Thanks for the post, I agree with the main points.
There is another claim on causality one could make, which would be: LLMs cannot reliably act in the world as robust agents since by acting in the world, you change the world, leading to a distributional shift from the correlational data the LLM encountered during training.
I think that argument is correct, but misses an obvious solution: once you let your LLM act in the world, simply let it predict and learn from the tokens that it receives in response. Then suddenly, the LLM does not model correlational, but actual causal relationships.

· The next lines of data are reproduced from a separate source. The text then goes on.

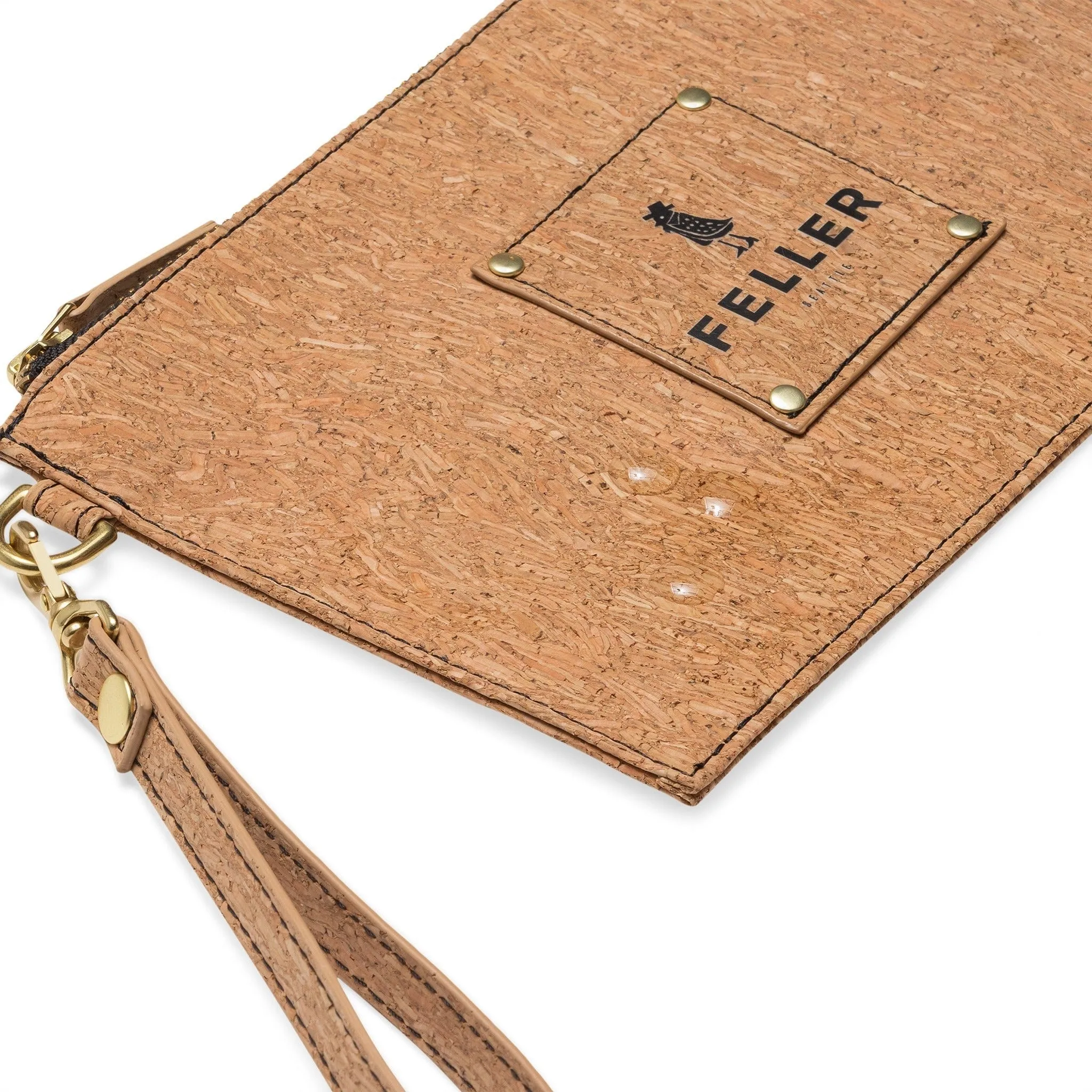 Queen Anne Cork Wristlet Pouch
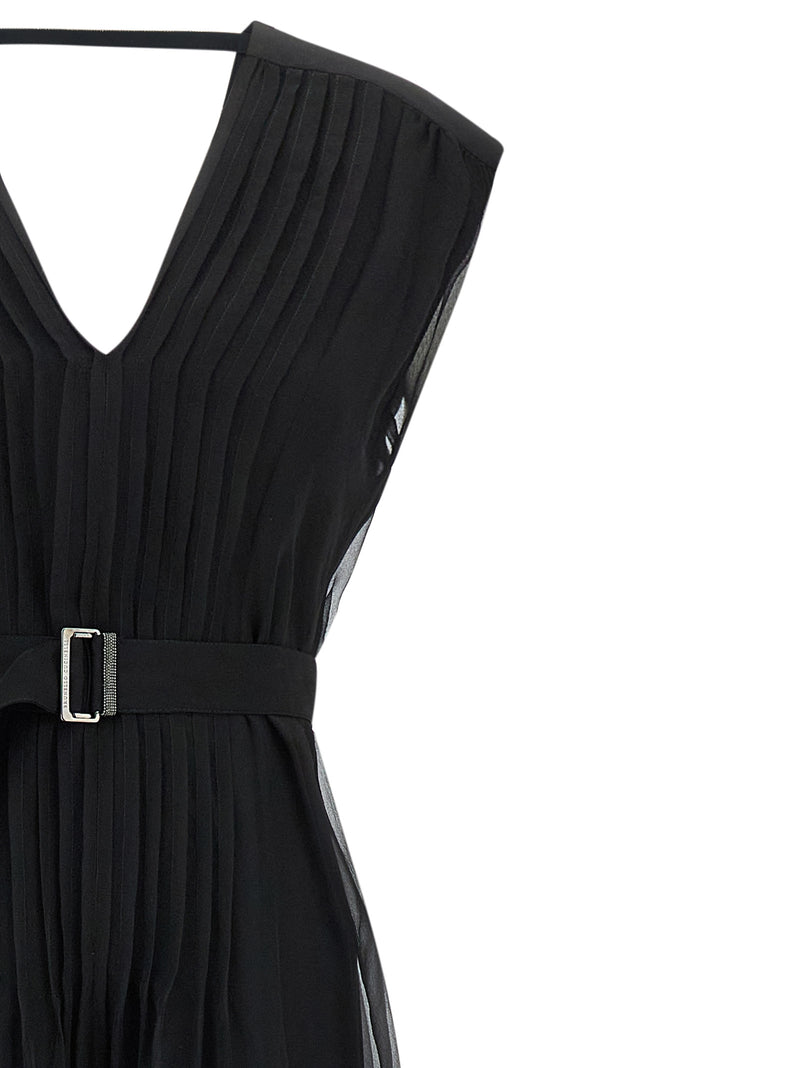 Brunello Cucinelli Silk Dress - Silk Sleeveless - Style 36C101 | Urbalen... | Urbalenti™ NYC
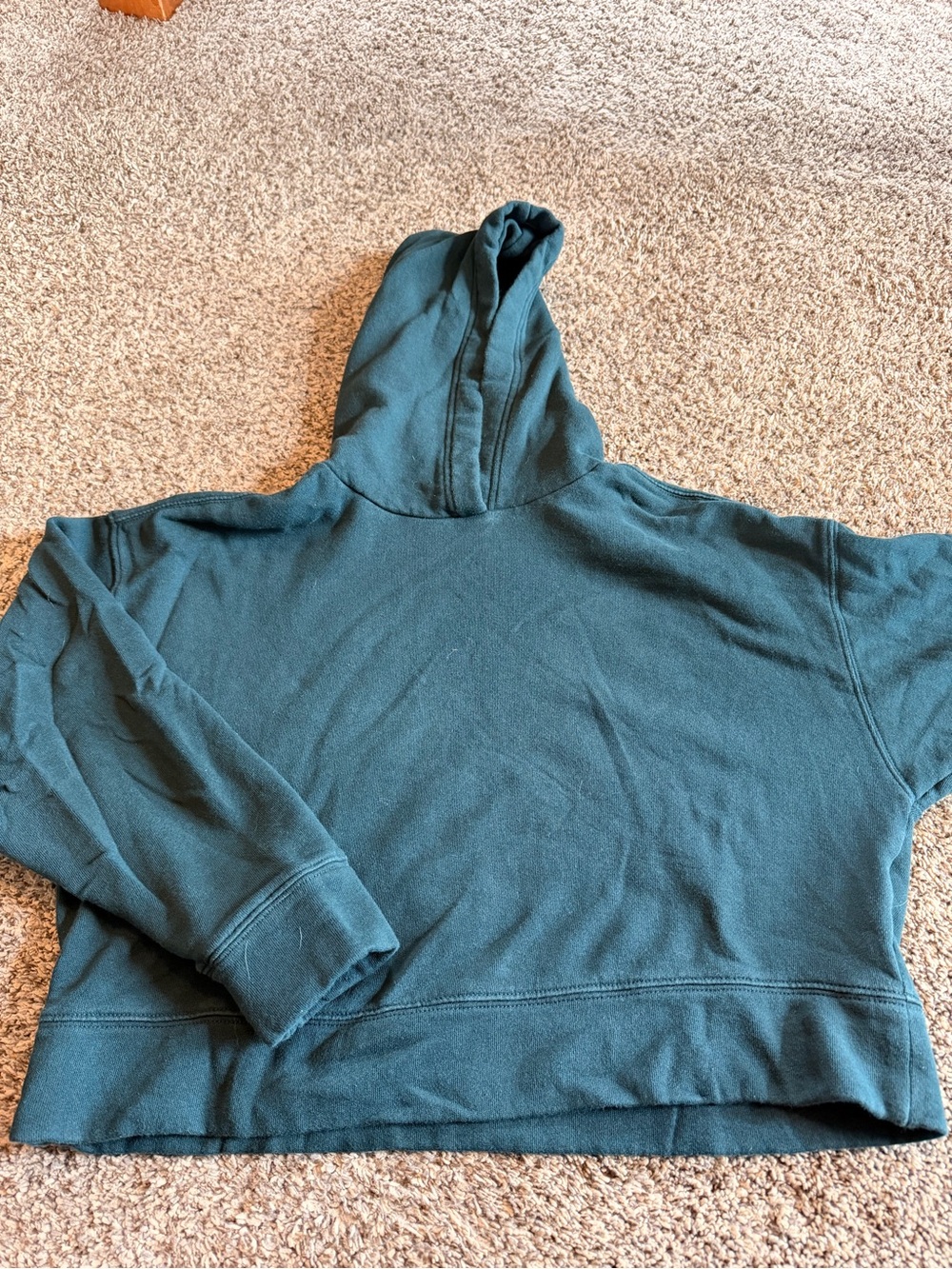 Old Navy Teal Green Cropped Hoodie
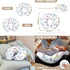 Goronwyfloyd 2 Multi Colorful Butterfly Nursing Pillow Cover for Baby Boy Girl Pieces Newborn U-Shaped Breastfeeding
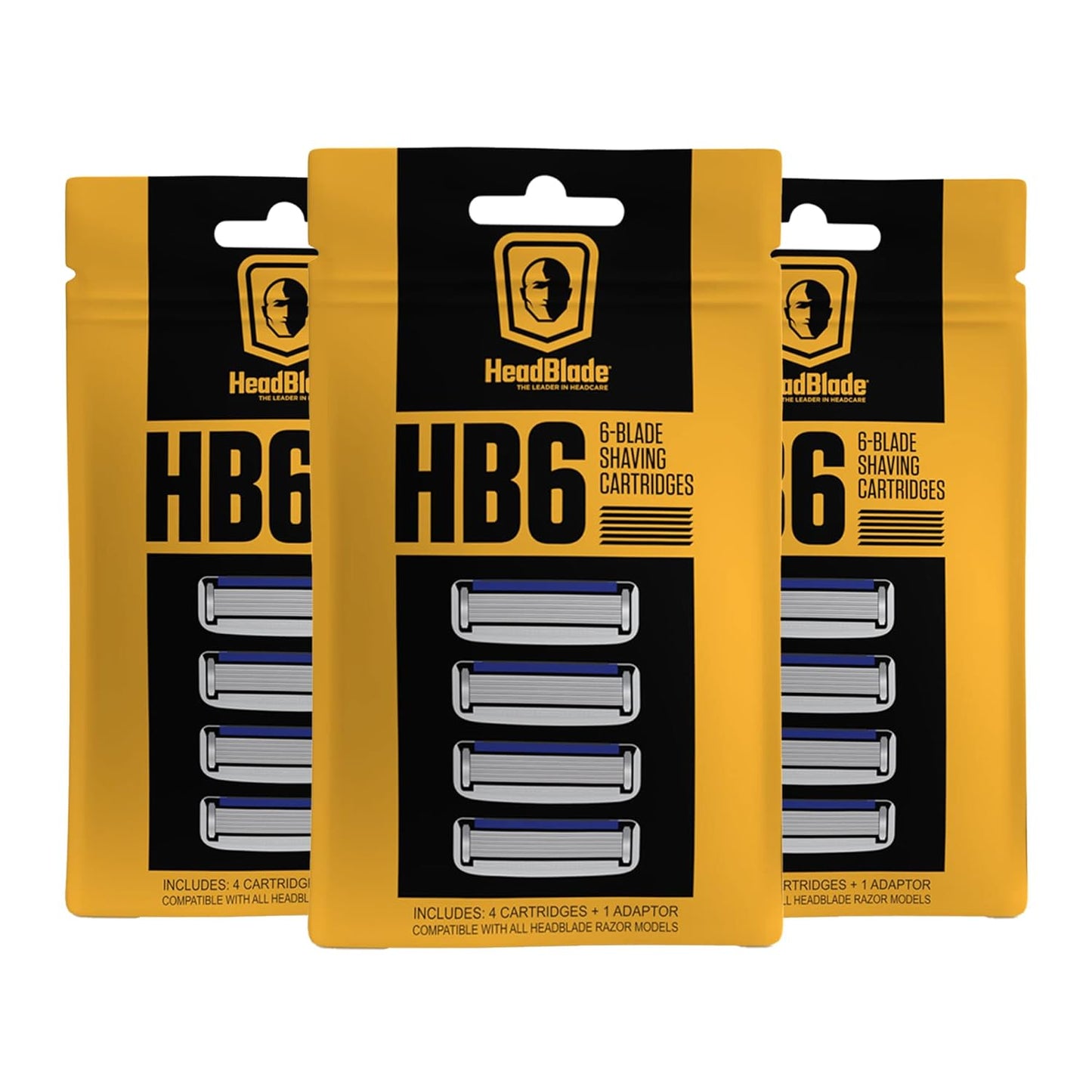 HeadBlade HB6 Refill Shaving Razor Blades for Smooth Shaves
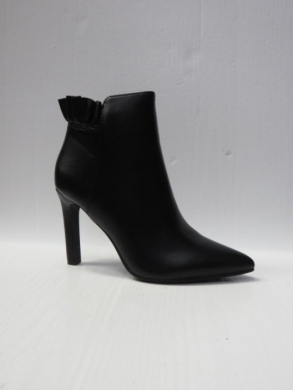 Botki damskie ocieplane na szpilce (36-41) NS367 BLACK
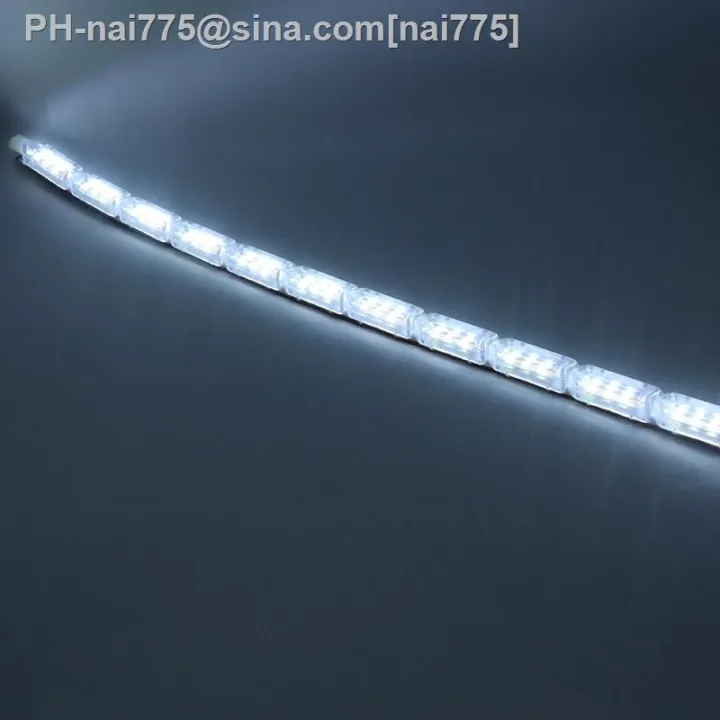 ๑-2x-flexible-crystal-angel-tears-auto-led-strip-light-with-turn-signal-drl-daytime-running-white-with-following-yellow-function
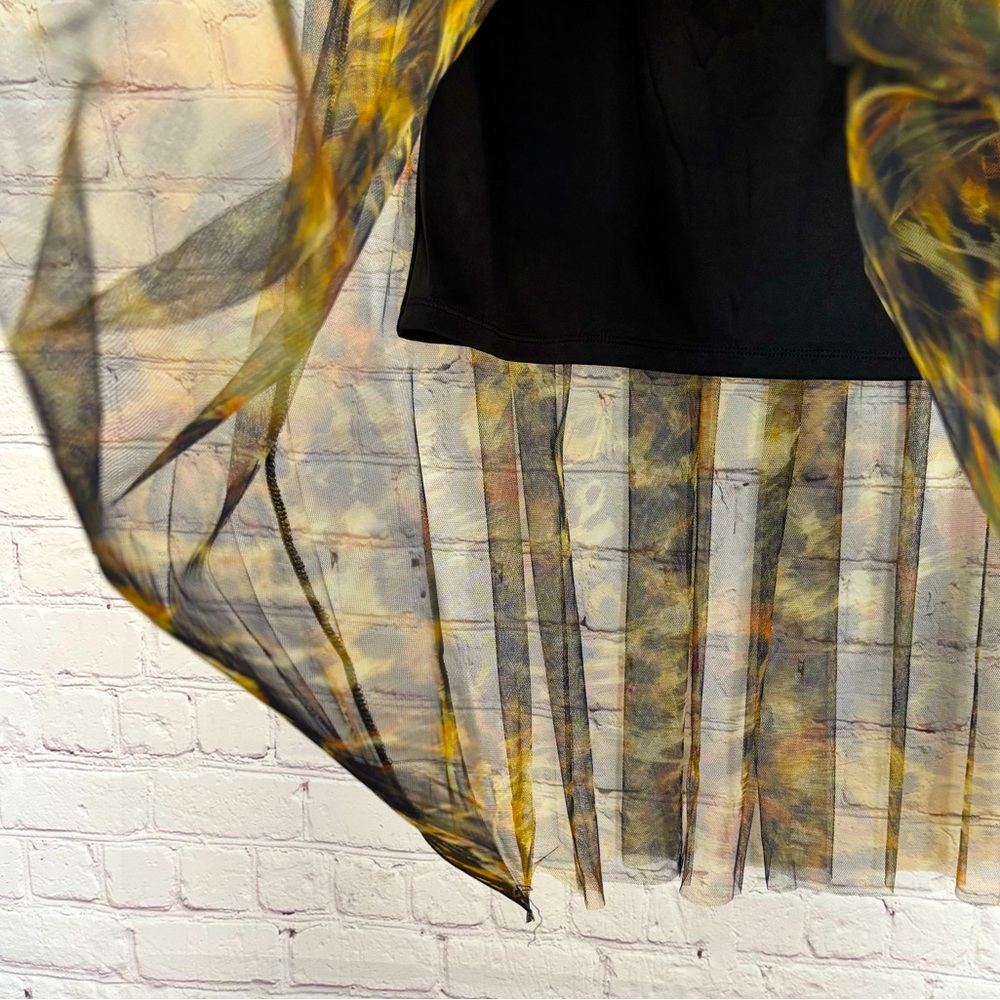 DKNY Animal Print Sheer Tulle Overlay A-Line Midi Skirt—NWT—S - Picture 6 of 15
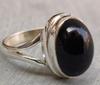 Black Onyx Ring, 925 Sterling Solid Silver, Handmade Jewelry, Boho Ring, Womens Ring, Gift for Her, Engagement Ring, Onyx Jewelry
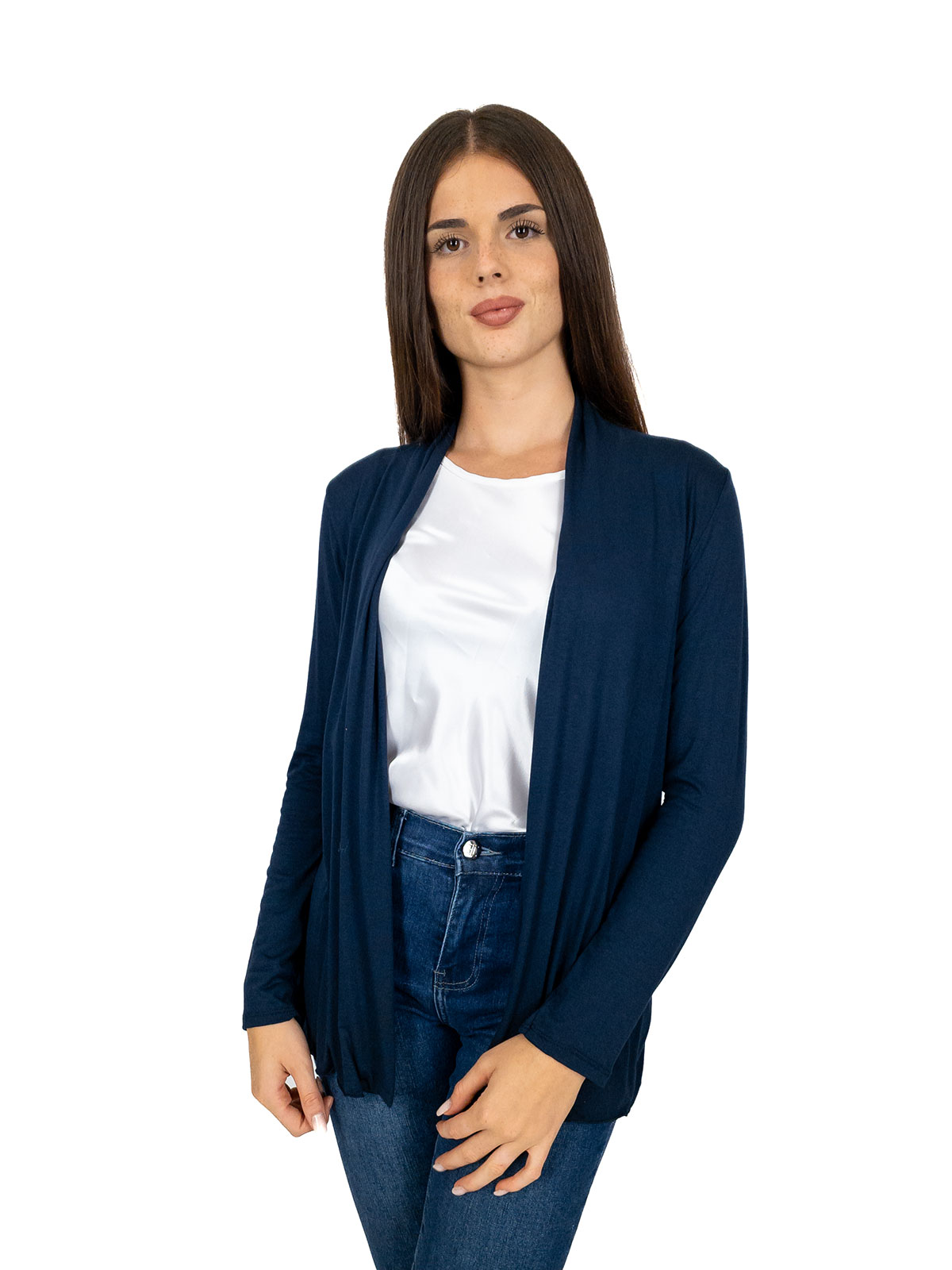 Women’s Long Open Cardigan Slim Fit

I certainly agree with your counterargument. I’m surprised there’s so much skepticism that LLMs can lead to AGI. It’s like this group of futurists doesn’t think in terms of ongoing progress.
The recent post LLM Generality is a Timeline Crux addresses this question and generated some good discussion, much of it skeptical.
The author nonetheless predicts around 60% chance that LLMs lead to AGI, and 80% chance they do if they have scaffolding to turn them into language model cognitive architectures. My argument for how those likely lead quickly to AGI is here.